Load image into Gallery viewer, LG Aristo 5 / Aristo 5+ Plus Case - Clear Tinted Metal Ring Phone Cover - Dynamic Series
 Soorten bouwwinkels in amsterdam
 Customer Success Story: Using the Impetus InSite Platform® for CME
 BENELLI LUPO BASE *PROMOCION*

§ **Problem statement**: Could you retype all of the material word for word?

§ **Result for this task**:
Load image into Gallery viewer, LG Aristo 5 / Aristo 5+ Plus Case - Clear Tinted Metal Ring Phone Cover - Dynamic Series
 Soorten bouwwinkels in amsterdam
 Customer Success Story: Using the Impetus InSite Platform® for CME
 BENELLI LUPO BASE *PROMOCION*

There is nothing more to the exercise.